**Instructions to follow:** What is needed is an exact copy of the lines from the line holding "блок питания 1STPLAYER" through the end of the material, with no other lines and no pictures.

**Data for analysis:**

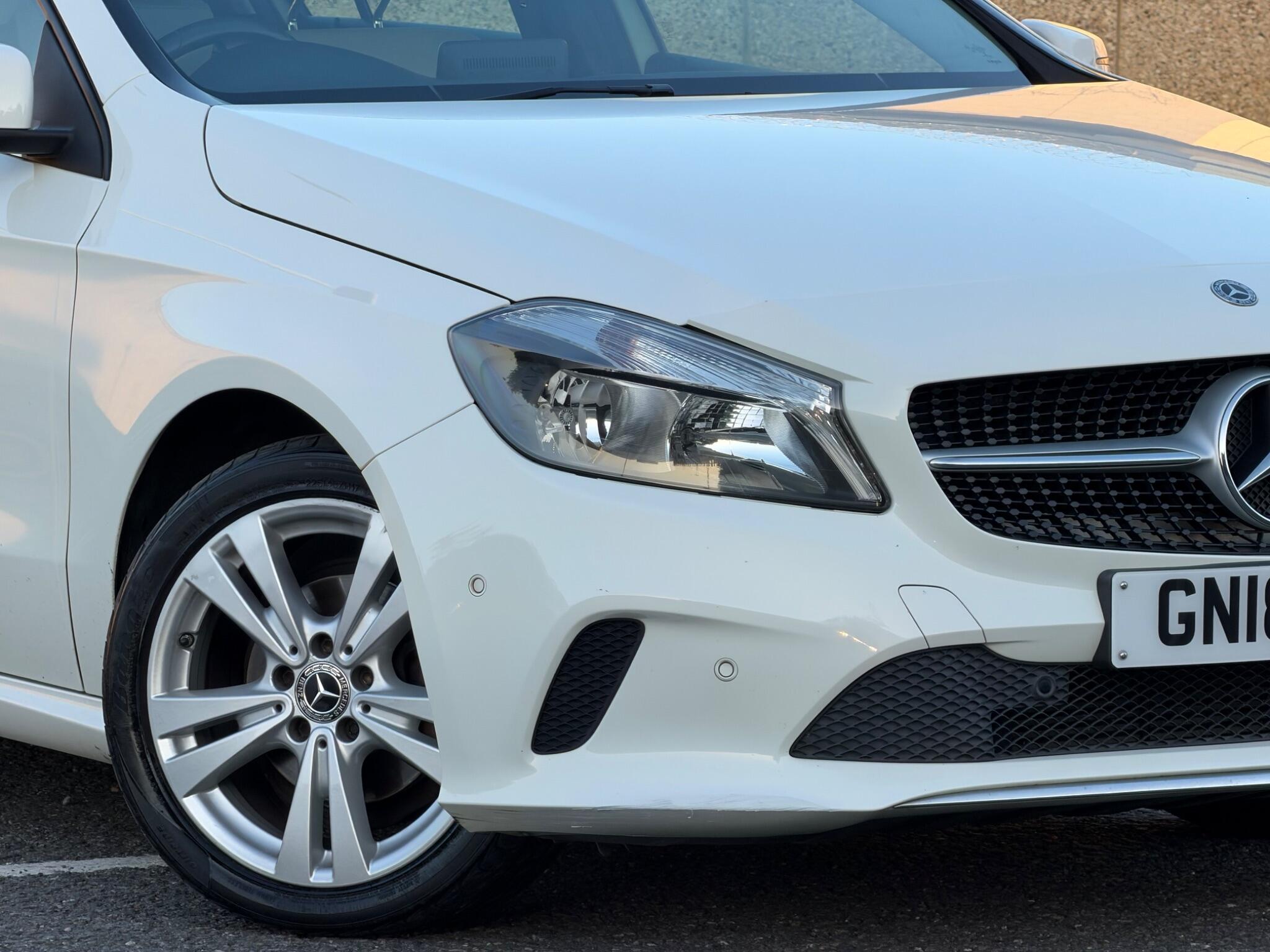 Mercedes-Benz A-Class view 4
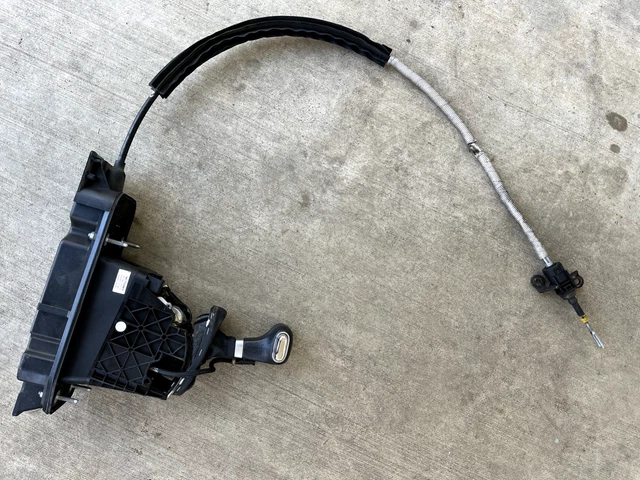 10-11 VW Jetta 6-Speed Automatic Transmission-Gear Shift Shifter 1K1 713 025 N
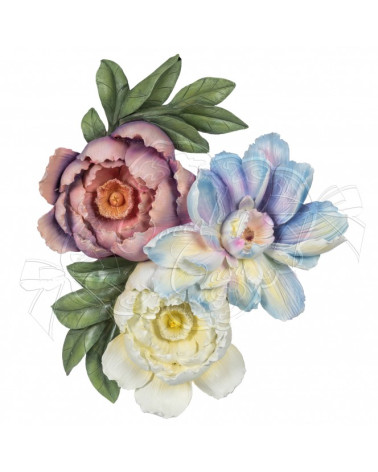 Gruppo tre fiori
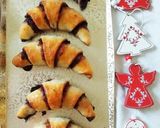 Glutén-, tej-, tojásmentes croissant recept fázis 4 fotója
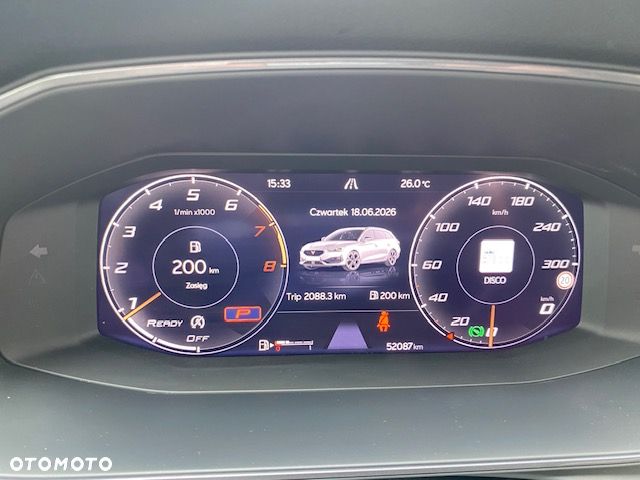 Cupra Leon 2.0 TSI VZ DSG - 27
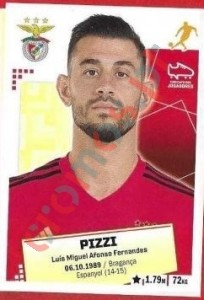 47 Pizzi – Futebol 2020-2021 Panini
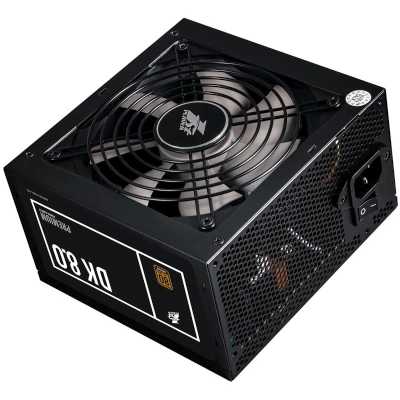 блок питания 1STPLAYER DK Premium 800W PS-800AX Черный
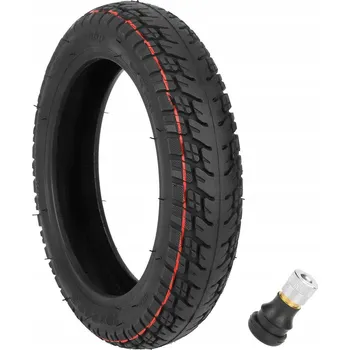 Motorová koloběžka Terénní Pneumatika Ulip 10x2.125" + Ventilek pro koloběžky Ninebot F20/F25/F30/F40
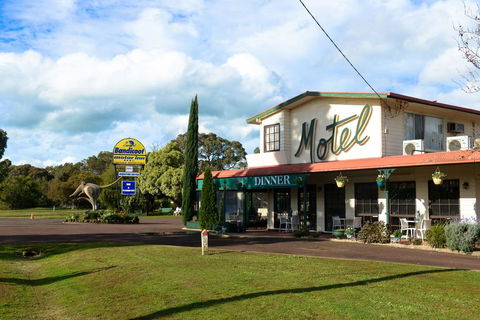 Bandicoot Motor Inn Hamilton - Hotel VIC 0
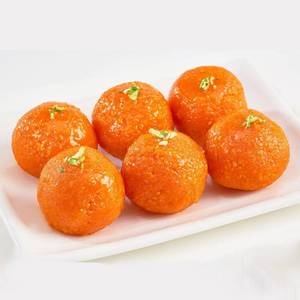 Ghee Motichoor Laddu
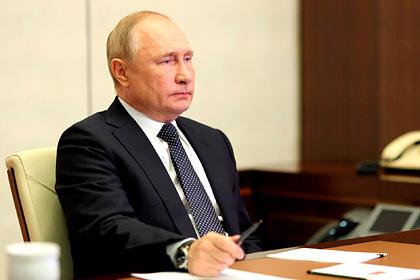 Путин назвал уникальный ресурс России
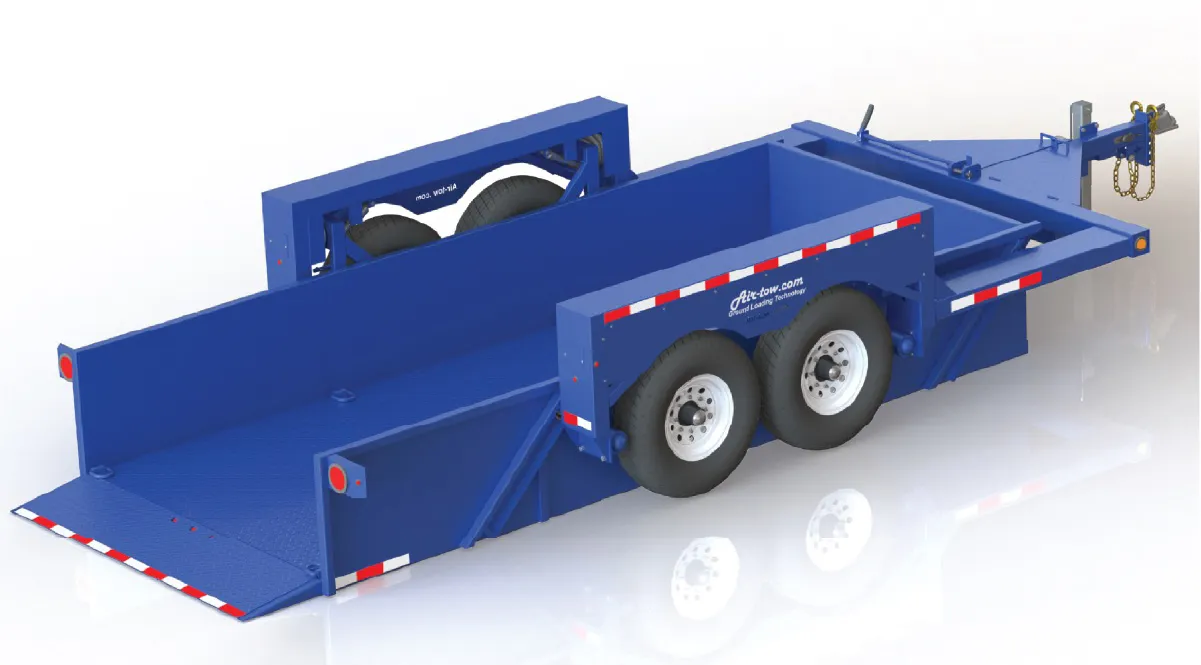 Air-Tow Trailer Models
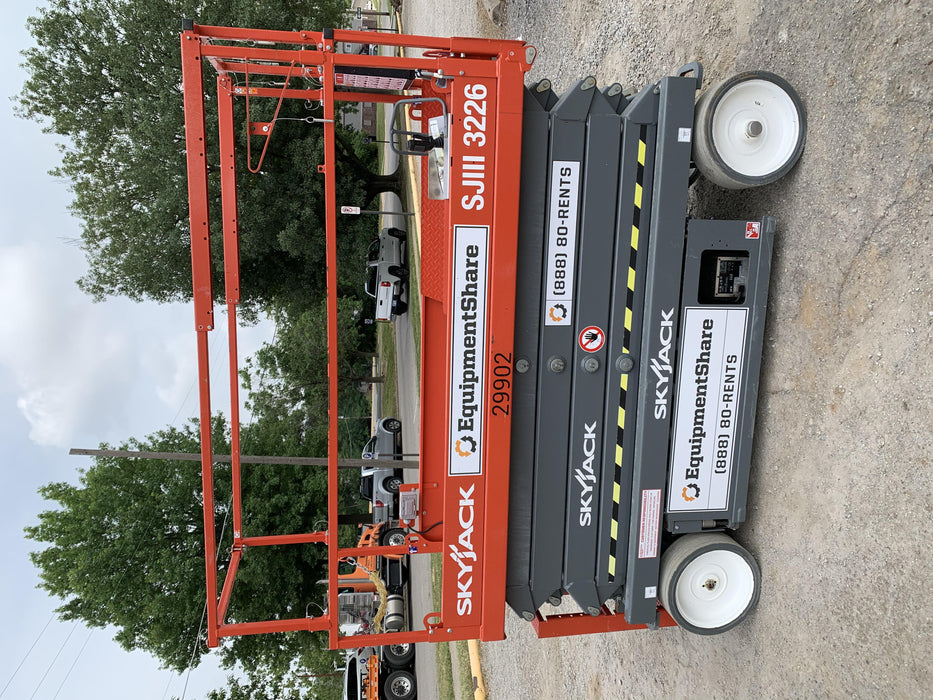 2019 Skyjack SJIII-3226 Standard w/Trojan Batteries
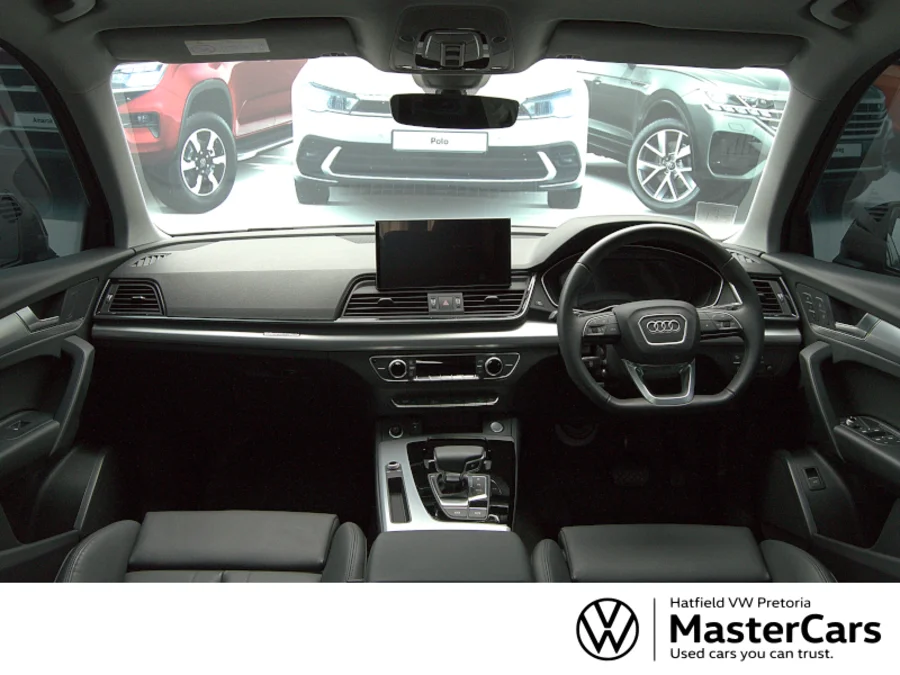 Used 2024 Audi Q5 Sportback 40TDI quattro Black Edition - VW Pretoria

**Reply to the exercise:**
 блок питания 1STPLAYER DK Premium 800W PS-800AX Черный
 Motorová koloběžka Terénní Pneumatika Ulip 10x2.125" + Ventilek pro koloběžky Ninebot F20/F25/F30/F40
 Bandicoot Motor Inn Hamilton - Hotel VIC 0
 Ghee Motichoor Laddu
 Путин назвал уникальный ресурс России
 Air-Tow Trailer Models
 2019 Skyjack SJIII-3226 Standard w/Trojan Batteries
 Used 2024 Audi Q5 Sportback 40TDI quattro Black Edition - VW Pretoria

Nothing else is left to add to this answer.